Note: This is a fork of the original gcs-cacher repository. Here are some notable changes:
- Preserve symbolic link and hard link inside an archive
- Use archiver library instead of manually creating tar.gz files
- Compress using tar.zst instead of tar.gz for better performance and compression rate
All usages are same as the original tool. To use this tool on Shakr repo's GitHub Actions workflow, refer to the actions runner repository.
GCS Cacher is a small CLI and Docker container that saves and restores caches on Google Cloud Storage. It is intended to be used in CI/CD systems like Cloud Build, but may have applications elsewhere.
-
Create a new Cloud Storage bucket. Alternatively, you can use an existing Cloud Storage bucket. To automatically clean up the cache after a certain period of time, set a lifecycle policy.
-
Create a cache:
gcs-cacher -bucket "my-bucket" -cache "go-mod" -dir "$GOPATH/pkg/mod"
This will compress and upload the contents at
pkg/mod
to Google Cloud Storage at the key "go-mod". -
Restore a cache:
gcs-cacher -bucket "my-bucket" -restore "go-mod" -dir "$GOPATH/pkg/mod"
This will download the Google Cloud Storage object named "go-mod" and decompress it to
pkg/mod
.
Choose from one of the following:
-
Download the latest version from the releases.
-
Use a pre-built Docker container:
us-docker.pkg.dev/vargolabs/gcs-cacher/gcs-cacher docker.pkg.github.com/sethvargo/gcs-cacher/gcs-cacher
When saving the cache, the provided directory is made into a tarball, then gzipped, then uploaded to Google Cloud Storage.

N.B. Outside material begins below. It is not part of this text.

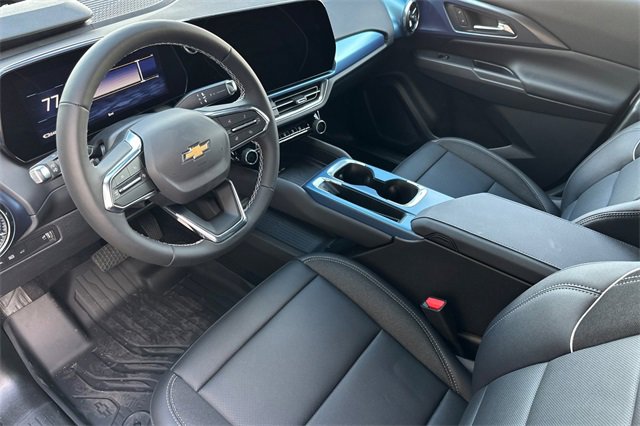 New 2026 Chevrolet Equinox EV LT image 13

When restoring the cache, the reverse happens.
It's strongly recommend that you use a cache key based on your dependency file, and restore up the chain. For example:
gcs-cacher \
-bucket "my-bucket" \
-cache "ruby-{{ hashGlob "Gemfile.lock" }}"
gcs-cacher \
-bucket "my-bucket" \
-restore "ruby-{{ hashGlob "Gemfile.lock" }}"
-restore "ruby-"
This will maximize cache hits.
It is strongly recommended that you enable a lifecycle rule on your cache bucket! This will automatically purge stale entities and keep costs lower.

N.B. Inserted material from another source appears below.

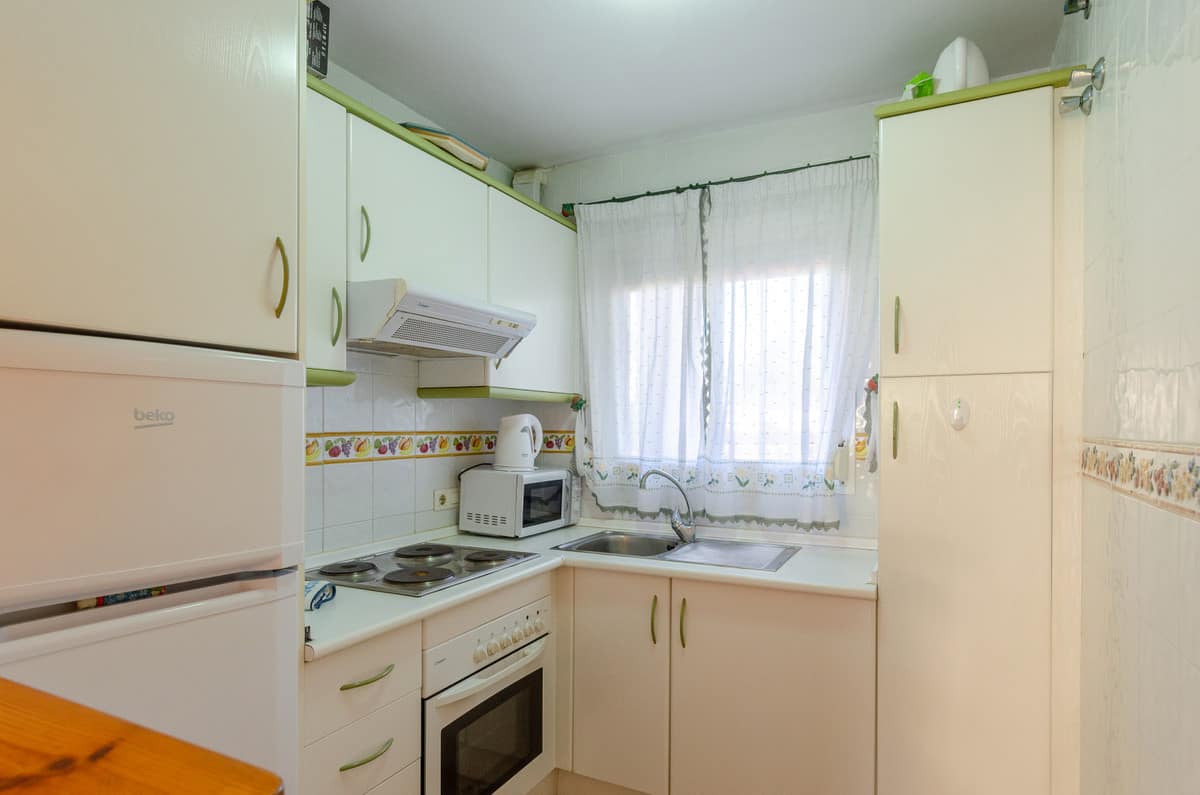 2-slaapkamer appartement in La Cala de Mijas in La Cala de Mijas - foto 10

The primary use case is to cache large and/or expensive dependency trees like a Ruby vendor directory or a Go module cache as part of a CI/CD step. Downloading a compressed, packaged archive is often much faster than a full dependency resolution. It has an unintended benefit of also reducing dependencies on external build systems.
Why not just use gsutil?
That's a great question. In fact, there's already a cloud builder
that uses gsutil
to accomplish similar things. However, that approach has a
few drawbacks:
-
It doesn't work with large files because containers don't package the crc package. If you're cache is > 500mb it will fail. GCS Cacher does not have this same limitation.
-
You have to build, publish, and manage the container to your own project. We publish pre-compiled binaries and Docker containers from multiple registries. You're still free to build it yourself, but you don't have to.
-
The container image itself is huge. It's nearly 1GB in size. The gcs-cacher container is just a few MBs. Since we're optimzing for build speed, container size is important.
-
It's actually really hard to get the fallback key logic correct in bash. There are some subtle edge cases (like when your filename contains a
$
) where this approach completely fails. -
Despite supporting parallel uploads, that cacher is still ~3.2x slower than GCS Cacher.